··· THE DATA

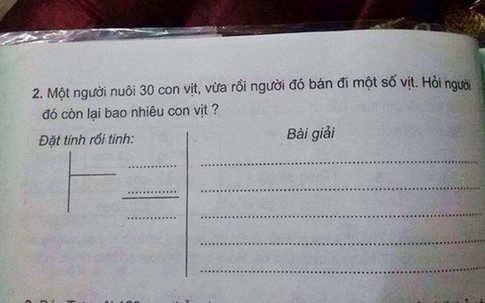 Bài Toán lớp 3 tính số vịt khiến giáo viên bối rối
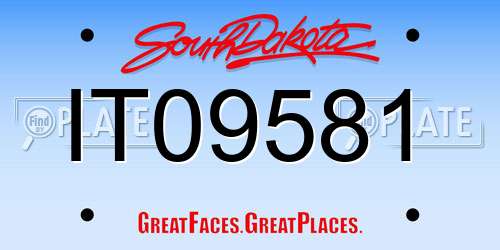 IT09581 South Dakota License Plate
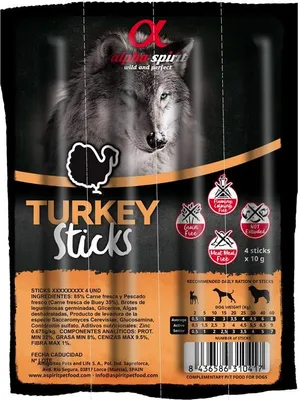 Produktbild von Alpha Spirit 8436586310417, Snacks, Hund, Adult, Türkei, 10 g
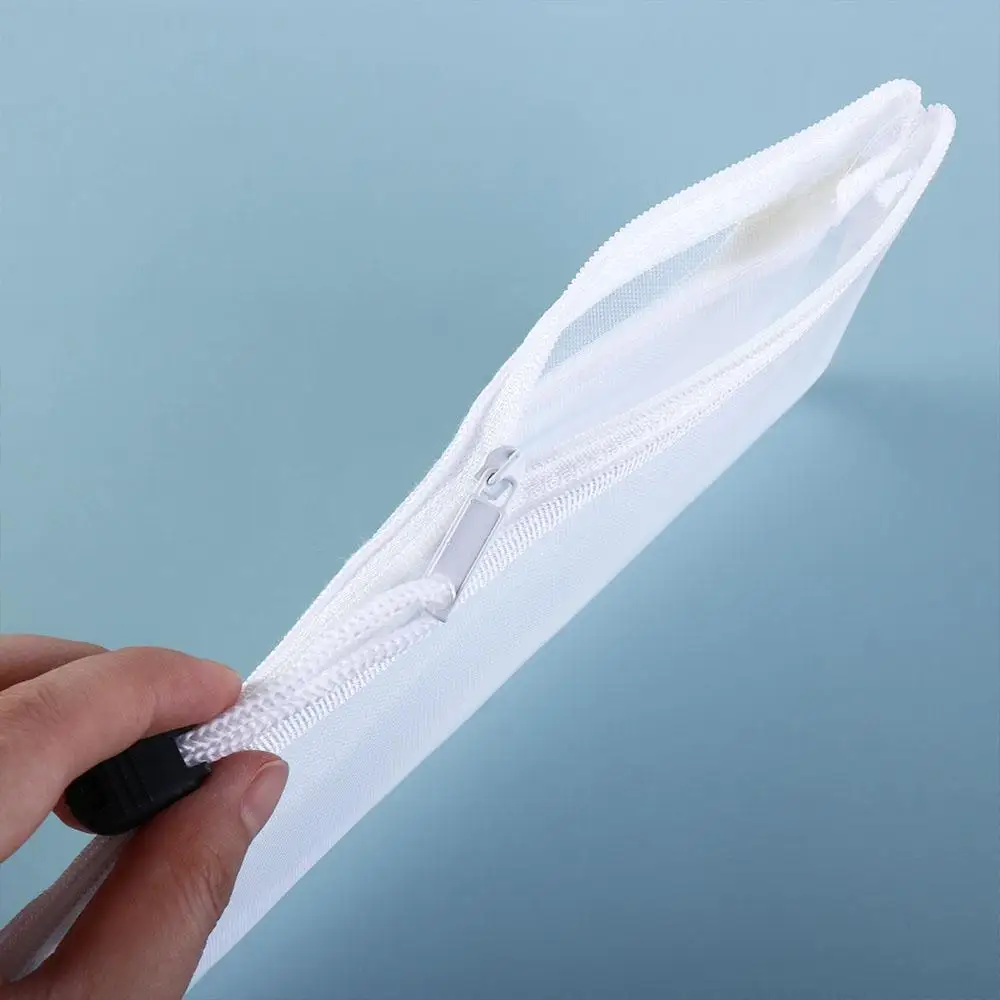 A6 Nylon Pencil Case Office Pen Box Document Cosmetic Storage Bag School Stationery Supplies File Folder Double Mesh Pencil Bag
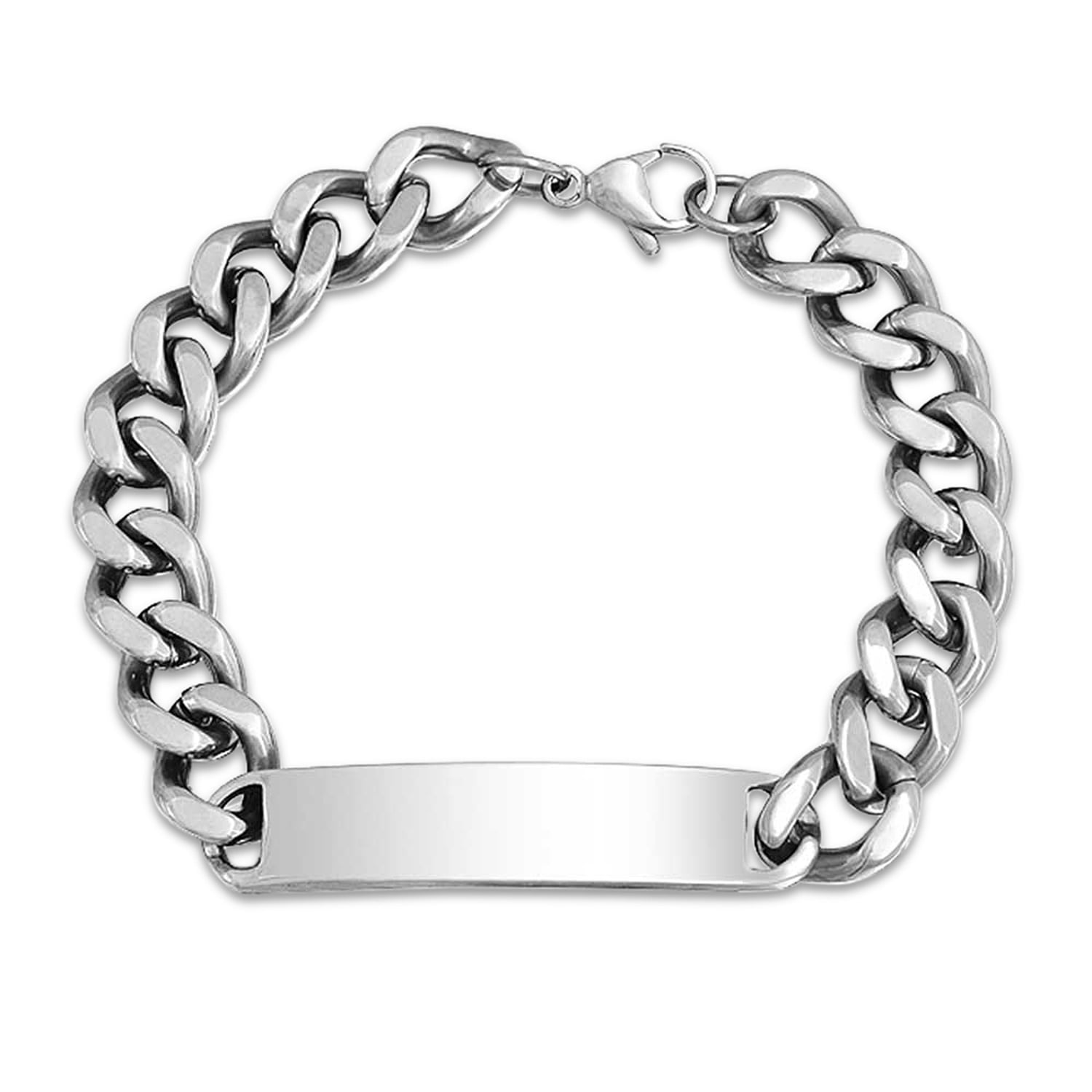 Bling Jewelry Identification Name Plate Curb Cuban Link Engravable ID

······

* _TRY IT_:
Pictures must be left out of the answer, which should be exactly the lines from the one holding "A6 Nylon Pencil" through the last line of the entries above, both included; please add nothing.

* _WRITTEN RESPONSE_:
 A6 Nylon Pencil Case Office Pen Box Document Cosmetic Storage Bag School Stationery Supplies File Folder Double Mesh Pencil Bag
 Bling Jewelry Identification Name Plate Curb Cuban Link Engravable ID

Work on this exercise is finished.